Very Nice! Never seen nails with numbers on the heads though, pretty cool!


----------



## BUDDYBAGS (Dec 13, 2009)

nice job!!


----------



## peregrine82 (Aug 25, 2007)

Innovative and the weathered wood perfectly suits the sheds. I love the dated railroad nails.


----------



## nimh (Nov 26, 2011)

Beautiful.


----------



## KSHammers1 (Oct 9, 2009)

Sweet!


----------



## aocasek (Oct 27, 2008)

Very nice


----------



## milsy (Jun 9, 2010)

Looks awesome! Great job!!!


----------



## Drenalin70 (Apr 17, 2008)

Nice


----------



## oldschoolcj5 (Jun 8, 2009)

looks great!


----------



## KSNimrod (Dec 14, 2004)

That looks great man! I'm sending a picture of that to my wife right now to file in the "projects" list... :wink:


----------



## AintNoGriz (Sep 28, 2006)

Thanks everyone......I think the railroad nails really give it a unique and rustic look. The nail with the "47" on it in the pic is the year my dad was born, so I snatched it up. I had to apologize though to my mom since they did not have her year of birth.......I may go back down to the antique store and pick up some more for future projects!!


----------



## JeffreySlayR (Mar 1, 2006)

Great work ... and your mother would not appreciate you announcing the year of her birth!!!:wink:


----------



## Sideways (Feb 13, 2006)

very nice!


----------



## Tony219er (Aug 14, 2011)

Awww man! SAWWEEEET! I'm building one now.


----------



## Baconator (Dec 8, 2009)

Great work!


----------



## CROMAN69Z28 (Oct 24, 2009)

Did a similar project myself. We recently took our privacy fence down for a better view (less weed eating for me). I decided to use the wood in my "room of death" as my wife calls it. I had drop ceiling and flourescent lights. This is what i ended up with. I did the three short walls seen and the ceiling. I trimmed the ceiling with 1" strips.


----------



## Tau44 (Nov 10, 2010)

That is awesome room. I had a room like that ( meaning man room). Got remarried and now it is my wife's office.


----------



## blklab72 (Sep 1, 2010)

Thanks for sharing your project. Gonna do something similar but I'm putting some old wooden duck decoys on the top shelf and sheds hanging below... Showed the wife the pics and all she said was "hurry up and get started"... Lol...


----------



## >>jake7hunter-> (May 20, 2012)

my first step would be to get antlers like that lol


----------



## AintNoGriz (Sep 28, 2006)

blklab72 said:


> Thanks for sharing your project. Gonna do something similar but I'm putting some old wooden duck decoys on the top shelf and sheds hanging below... Showed the wife the pics and all she said was "hurry up and get started"... Lol...

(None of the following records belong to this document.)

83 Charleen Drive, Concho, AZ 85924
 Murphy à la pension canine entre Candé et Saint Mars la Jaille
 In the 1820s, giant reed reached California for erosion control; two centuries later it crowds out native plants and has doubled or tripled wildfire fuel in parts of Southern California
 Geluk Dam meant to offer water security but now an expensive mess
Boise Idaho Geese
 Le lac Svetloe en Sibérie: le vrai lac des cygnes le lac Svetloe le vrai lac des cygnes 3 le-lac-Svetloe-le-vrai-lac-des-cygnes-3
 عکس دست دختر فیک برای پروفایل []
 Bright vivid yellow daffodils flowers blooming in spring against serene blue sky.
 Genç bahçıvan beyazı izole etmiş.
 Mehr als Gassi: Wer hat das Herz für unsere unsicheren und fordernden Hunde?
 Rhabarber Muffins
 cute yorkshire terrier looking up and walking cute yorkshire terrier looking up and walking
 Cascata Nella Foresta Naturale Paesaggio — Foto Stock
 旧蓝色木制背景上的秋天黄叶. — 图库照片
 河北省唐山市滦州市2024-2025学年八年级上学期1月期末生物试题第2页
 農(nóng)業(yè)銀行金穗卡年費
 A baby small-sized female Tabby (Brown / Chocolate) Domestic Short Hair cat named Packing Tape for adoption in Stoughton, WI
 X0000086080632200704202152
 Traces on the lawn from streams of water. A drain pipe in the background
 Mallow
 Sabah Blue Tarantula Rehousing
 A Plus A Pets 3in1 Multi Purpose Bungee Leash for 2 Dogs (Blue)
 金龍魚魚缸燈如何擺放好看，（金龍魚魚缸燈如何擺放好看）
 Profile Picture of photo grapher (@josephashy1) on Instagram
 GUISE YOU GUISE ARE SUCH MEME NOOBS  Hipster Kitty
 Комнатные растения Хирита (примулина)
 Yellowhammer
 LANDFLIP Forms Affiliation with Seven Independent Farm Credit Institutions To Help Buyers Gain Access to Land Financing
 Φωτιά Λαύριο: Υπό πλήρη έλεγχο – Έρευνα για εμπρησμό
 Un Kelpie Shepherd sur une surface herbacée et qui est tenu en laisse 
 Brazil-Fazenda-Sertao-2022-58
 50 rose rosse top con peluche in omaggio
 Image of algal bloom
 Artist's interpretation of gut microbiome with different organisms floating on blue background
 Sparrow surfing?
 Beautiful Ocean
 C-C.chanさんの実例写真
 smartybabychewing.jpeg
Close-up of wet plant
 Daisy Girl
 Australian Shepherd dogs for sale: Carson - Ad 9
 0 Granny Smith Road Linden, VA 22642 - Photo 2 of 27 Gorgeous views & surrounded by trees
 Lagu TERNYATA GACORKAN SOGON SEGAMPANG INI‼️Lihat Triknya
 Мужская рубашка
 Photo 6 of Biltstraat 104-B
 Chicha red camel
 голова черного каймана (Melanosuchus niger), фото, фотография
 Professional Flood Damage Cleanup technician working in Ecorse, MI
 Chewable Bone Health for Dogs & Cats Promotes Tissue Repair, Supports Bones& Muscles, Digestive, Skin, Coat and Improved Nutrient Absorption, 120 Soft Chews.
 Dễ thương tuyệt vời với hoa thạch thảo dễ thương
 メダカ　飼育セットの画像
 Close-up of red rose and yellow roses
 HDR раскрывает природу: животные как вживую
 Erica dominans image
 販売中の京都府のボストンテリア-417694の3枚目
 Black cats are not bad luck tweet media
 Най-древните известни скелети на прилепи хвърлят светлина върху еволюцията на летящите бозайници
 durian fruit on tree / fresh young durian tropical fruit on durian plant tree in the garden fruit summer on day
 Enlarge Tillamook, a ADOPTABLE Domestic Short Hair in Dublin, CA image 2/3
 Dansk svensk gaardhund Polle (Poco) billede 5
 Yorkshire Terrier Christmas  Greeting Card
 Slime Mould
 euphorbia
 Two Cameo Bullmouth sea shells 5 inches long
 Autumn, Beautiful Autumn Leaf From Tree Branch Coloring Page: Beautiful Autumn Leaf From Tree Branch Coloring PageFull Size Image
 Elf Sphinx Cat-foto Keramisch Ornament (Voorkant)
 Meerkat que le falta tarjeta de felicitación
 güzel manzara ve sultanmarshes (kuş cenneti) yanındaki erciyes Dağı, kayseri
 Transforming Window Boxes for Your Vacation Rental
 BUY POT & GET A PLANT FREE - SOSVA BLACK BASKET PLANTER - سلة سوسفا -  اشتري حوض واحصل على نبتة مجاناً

Make sure and post pics when your done......this shelf can be used for anything for sure, I just had the antler thing in mind. It could even be used for a coat rack.


----------



## Bgargasz (Apr 20, 2009)

Nice! Did you debug the wood? I made a similar project and had to use a few cans of Raid to get the ants out.


----------